30 April, 2023
From Army medic to Navy medic to Marine Technician, Gemma Townshend is an example of personnel being helped to find the niche that suits them best.
Able Marine Technician (Electrical) (AMT(L)) Townshend, HMNZS Aotearoa, knew she wasn’t happy as a medic. It came to a head while posted to HMNZS Otago four years ago, but she admits she had never really settled in the trade in 10 years of service.
“I remember talking to one of my corporals during medic training, and how they would tell me it would get way better. But it still didn’t suit me. I like working with people and as a medic on a small ship, it’s just me.”
AMT(L) Townshend wasn’t ready to simply leave the services. She talked to her Divisional Officer, the Executive Officer of HMNZS Otago, about the issue. She had worked with the engineers in Otago and had really enjoyed it. “He knew I’d be good in another role, and he wrote up the minute for me to change trades.”
It’s quite a shift, particularly when it takes about two years to qualify as a medic. But it’s worked out well. The medic trade was accommodating, and she says people were pleased she was staying in the Navy. She felt supported in the move.
“I love being a marine technician. There’s lot of mates and you’re always learning something new. I didn’t want to work in a trade where I wouldn’t be challenged.”
She completed her trade training in April last year, and then cleared her task book while posted to HMNZS Aotearoa during the ship’s deployment to South East Asia. She officially became an AMT(L) – dropping a rank - while the ship was in Korea.
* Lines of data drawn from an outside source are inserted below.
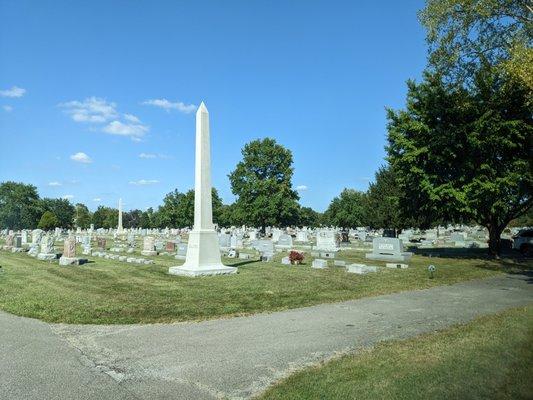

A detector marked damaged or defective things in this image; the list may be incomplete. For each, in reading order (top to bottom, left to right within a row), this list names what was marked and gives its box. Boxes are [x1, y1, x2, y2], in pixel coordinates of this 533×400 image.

cracked asphalt [1, 276, 532, 400]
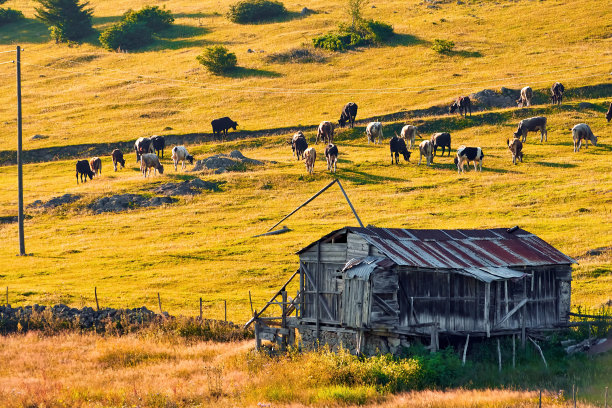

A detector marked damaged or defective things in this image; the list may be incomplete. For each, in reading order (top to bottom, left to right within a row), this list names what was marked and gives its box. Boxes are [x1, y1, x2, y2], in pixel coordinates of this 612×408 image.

rusty corrugated metal roof [298, 226, 576, 268]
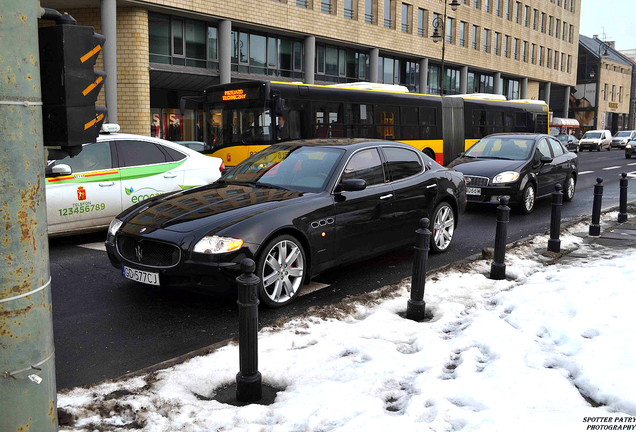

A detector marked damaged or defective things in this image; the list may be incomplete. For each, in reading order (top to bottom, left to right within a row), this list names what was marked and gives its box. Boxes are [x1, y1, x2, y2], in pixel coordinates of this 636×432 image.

rusty metal pole [0, 1, 58, 430]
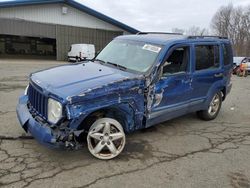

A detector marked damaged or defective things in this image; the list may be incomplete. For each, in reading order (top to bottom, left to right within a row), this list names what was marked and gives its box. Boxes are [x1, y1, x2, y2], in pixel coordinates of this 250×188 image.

crumpled hood [30, 62, 142, 100]
damaged front bumper [16, 95, 66, 148]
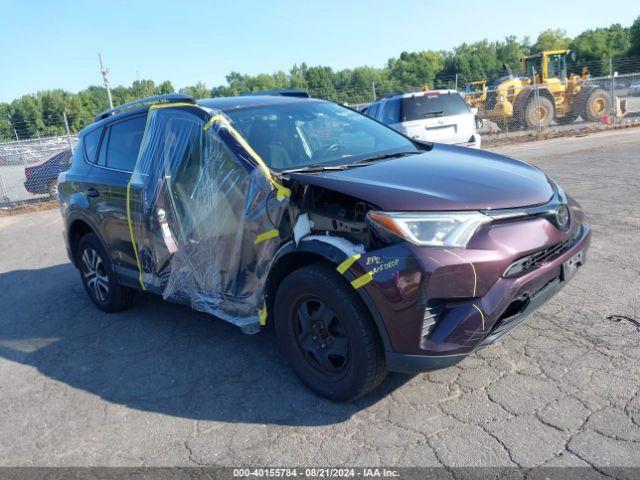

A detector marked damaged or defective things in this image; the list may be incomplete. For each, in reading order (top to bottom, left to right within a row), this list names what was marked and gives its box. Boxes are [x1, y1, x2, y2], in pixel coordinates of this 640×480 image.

cracked pavement [0, 127, 636, 468]
exposed headlight housing [364, 211, 490, 248]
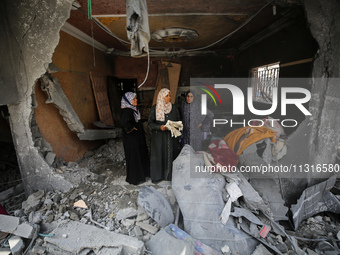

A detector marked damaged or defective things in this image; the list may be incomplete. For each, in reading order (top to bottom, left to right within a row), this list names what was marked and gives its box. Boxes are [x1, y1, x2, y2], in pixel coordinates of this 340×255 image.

broken concrete wall [4, 0, 74, 195]
broken concrete wall [34, 29, 115, 161]
torn fabric [125, 0, 149, 56]
broken concrete wall [304, 0, 340, 166]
Joining the Army in 2012, her service change from Army to Navy came about in 2018 after a posting to HMNZS Canterbury as an army medic. “Medics can go anywhere,” she says. “I made the change to Navy because I wanted to be in Auckland with family. And I could see it was easier to get promoted in the Navy and travel to interesting places.”
Her advice to others thinking about making a change is to talk to their supervisor. “Ask them to set up a tour of duty with other trades to find out what it’s like. That’s what I did, and it’s available to people to do.”